Giosué Calaciura est né à Palerme en 1960. Il est journaliste à Rome. Ses premiers récits sont sortis dans des revues :Il Sole 24 Ore, Lo Straniero, Nuovi Argomenti… et anthologies comme Luna nuova, è Sud : Racconti dalla frontière, presentata Giovanna de Angelis (Einaudi, 2000).

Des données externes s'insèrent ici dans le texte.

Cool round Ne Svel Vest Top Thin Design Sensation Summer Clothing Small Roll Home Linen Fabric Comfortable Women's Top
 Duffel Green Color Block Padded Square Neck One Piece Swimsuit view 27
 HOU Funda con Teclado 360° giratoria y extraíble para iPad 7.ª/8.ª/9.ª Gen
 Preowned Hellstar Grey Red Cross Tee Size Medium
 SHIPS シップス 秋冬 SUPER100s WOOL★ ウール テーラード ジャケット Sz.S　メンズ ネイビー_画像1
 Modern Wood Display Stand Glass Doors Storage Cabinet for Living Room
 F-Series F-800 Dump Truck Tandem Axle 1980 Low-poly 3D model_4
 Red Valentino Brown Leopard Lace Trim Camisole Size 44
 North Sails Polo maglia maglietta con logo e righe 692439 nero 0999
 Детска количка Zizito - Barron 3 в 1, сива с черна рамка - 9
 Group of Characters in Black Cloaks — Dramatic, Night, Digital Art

Malacarne paru en1998 a été traduit et publié en France en 2007

 

Malacarne , premier roman de Giosué Calaciura se présente comme un long monologue d’un petit mafieux qui décrit devant un juge son parcours au sein de Cosa Nostra. Mais il convient de dépasser cette histoire car il ne s’agit pas seulement de la confession d’un repenti. La langue employée n’a rien du réalisme que l’on pourrait attendre d’un individu issu d’un quartier miséreux et défavorisé. Le livre n’appartient pas à la catégorie des récits journalistiques. Il s’agit davantage d’une biographie pour ainsi dire “archétypale” qui mêle étroitement des éléments dun comique grotesque et traits où pointent la fatalité, le tragique de la vie et de la mort. L’existence est donnée comme un piège qui peut saisir toute personne qui passe à sa portée, ou qui ira s’en saisir par le meurtre, l’assassinat bien préparé, les larcins, les trafics –la drogue en particulier, qui est d’un bon rapport-, la vendetta jusqu’à l’extermination, les guerres de territoire, les enlèvements, le racket aussi. Le coupable n’en finit pas de dérouler naïvement la liste de ses méfaits, happé dans le tourbillon de crimes où son visage change sans cesse. Le voici gamin chapardeur et malfaisant, pauvre diable esclave et bourreau, chef de bande ou exécutant ; à la fin des fins, quelle que soit l’issue, c’est la guillotine qui l’attend! Ce tournoiement instaure le vertige. Calaciura lui donne une expression d’un baroque recherché. Son écriture très personnelle y trouve une élégance stylistique qui accentue la distance entre la vulgarité du sujet décrit et l’attrait de son expression. Les évocations poétiques et les événements horribles se mêlent dans un torrent discursif qui emporte tout sur son passage, dans un magma fait de désespoir et de comique sombre et grotesque, un déchaînement continu qui touche par moments au surréalisme. L’American Psycho di Bret Easton Ellis nous a montré comment produire, à partir d’un délire une publication au succès mondial. Tel n’est pas le cas de Malacarne. Malacarne n’est pas un psychotique qui donne libre cours à sa folie, mais un jeune homme déboussolé, sous l’emprise de pouvoirs occultes dont il est esclave dans la société où il vit. Un épouvantail et un guignol, condamné à faire le mal et à faire rire de lui. Un rire pourtant qui fait froid dans le dos. Derrière ce coupable innocent l’auteur fait lever l’ombre d’une société livrée à la mafia bien sûr, mais tout comme n’importe quel groupe humain où sont reliés le pouvoir officiel et des puissances occultes.